Our second key insight revealed that plan members continue to be very interested in both target date funds and target risk funds. This sentiment is consistent with findings from our US 2019 Forgotten Participant study.

 

Alongside Maslansky + Partners, we conducted in-depth interviews with seven US plan sponsors and connected with over 600 Canadian plan members through online surveys.

 

So how can plan sponsors use language to position these offerings and help plan members find the right option?

 

We found that 65% of plan members surveyed, preferred the option of investing in both target date and target risk funds compared to single asset class options. Offering all three lets them choose an option that meets their unique investment needs.

 

Next, we found that to differentiate target risk funds on the menu, using short, easy-to-understand descriptors that are goals-based was most compelling.

 

Furthermore, when plan members were asked to rank the most appealing benefits of both target date and target risk funds, diversification was the most compelling benefit overall. When taking a deeper look, we found preferences that differed among each generation.

 

Finally, when it comes to the language of investing, plan members gravitated towards jargon-free terminology. They prefer hearing that their money is being “managed” by “financial experts,” rather than having their portfolios “constructed” by “institutional managers.” 

 

To learn more about the findings of our 2021 Watch your language research study, visit our website, or contact your Invesco DC professional.

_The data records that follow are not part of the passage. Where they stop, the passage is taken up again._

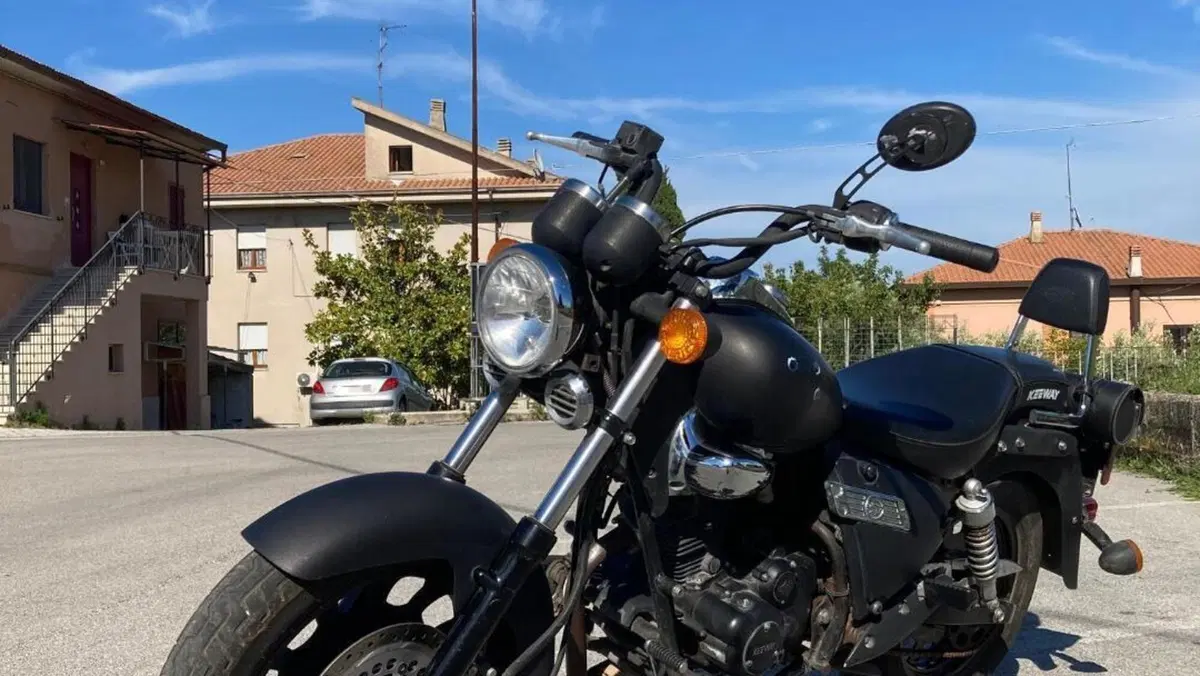 Keeway Motor Superlight 125 (2009 - 17) 
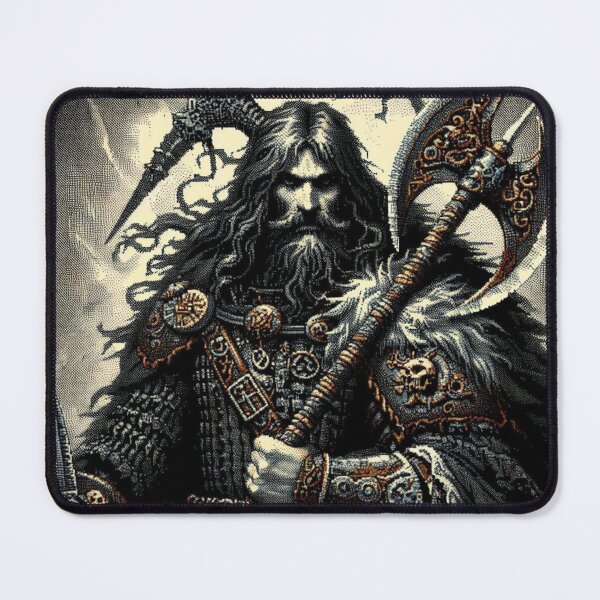 Item preview, Warrior designed and sold by SolaireAi1.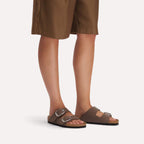 Birkenstock Arizona Big Buckle mocca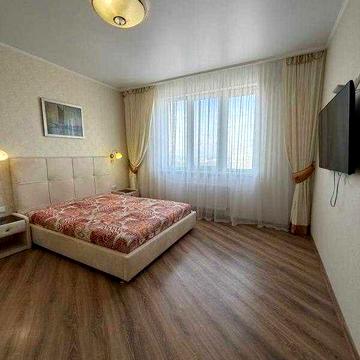 1-кімнатна квартира з ремонтом у центрі — ЖК «Апельсин»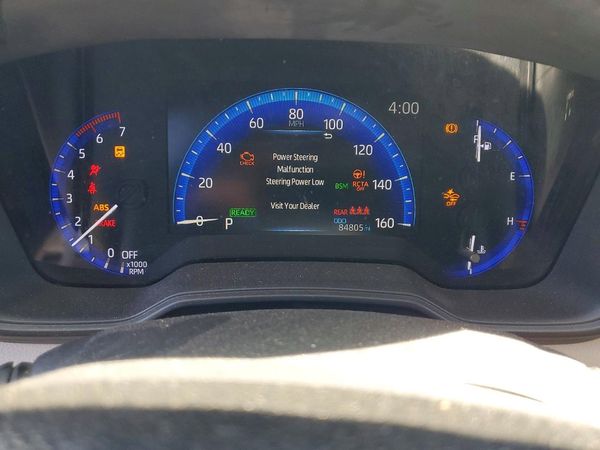 2021 TOYOTA COROLLA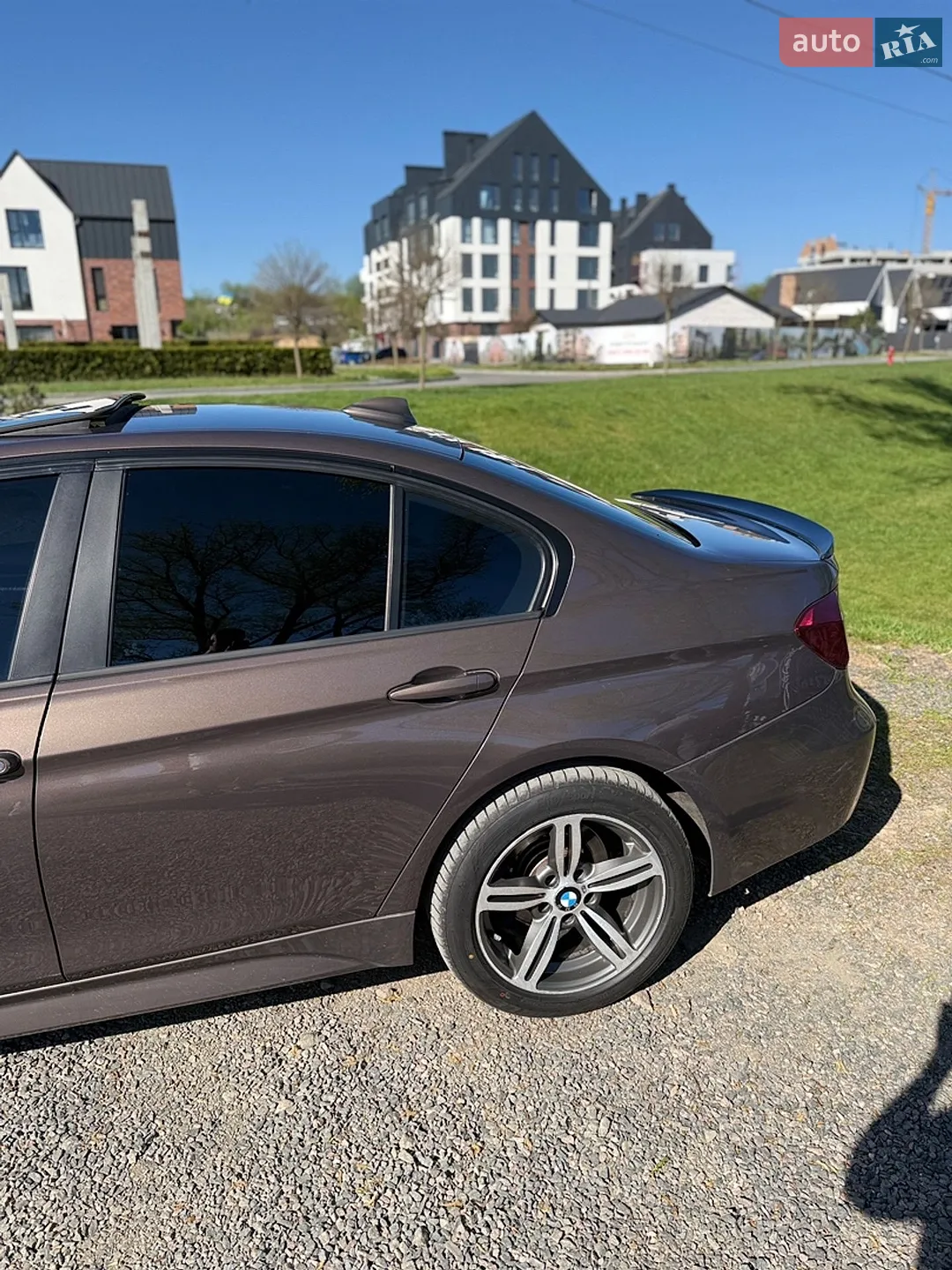 2012 BMW 3er - мініатюра 7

Our 2021 Watch Your Language study took a closer look at the language of defined contribution (DC) plans. Alongside word specialists, Maslansky + Partners, we conducted online surveys with 610 DC plan members working for large employers in Canada. The study focused on the impact language can have on members’ overall understanding of the plan’s investment menu, professionally managed options, and how best to communicate retirement income.

There’s clear interest for both target date funds (TDFs) and target risk funds (TRFs) on the investment menu: Almost 65% of plan members we surveyed preferred these professionally managed options compared to single asset class options. Offering all three categories on the investment menu allows employees of all ages to choose an option that appeals to them most.

When ranking the top benefits of both TDFs and TRFs, members cited “fully diversified” as the most compelling benefit (31%), with “automatically rebalancing” least compelling (14%). As for who they wanted to manage their retirement investments, and the best way to describe what they do, members wanted their money to be “managed” by “financial experts” or “investment managers, ” with “institutional managers” who “construct” their portfolios coming in dead last. Ultimately, we found that members prefer plain-spoken language and are turned off by industry jargon.

So, what’s the best way to position both TDFs or TRFs on the investment menu for better understanding? Simple framing makes it easier for members to compare investment options. Use short, easy-to-understand descriptors, and consider a goals-based (versus time-based) approach to differentiate target risk funds on the menu.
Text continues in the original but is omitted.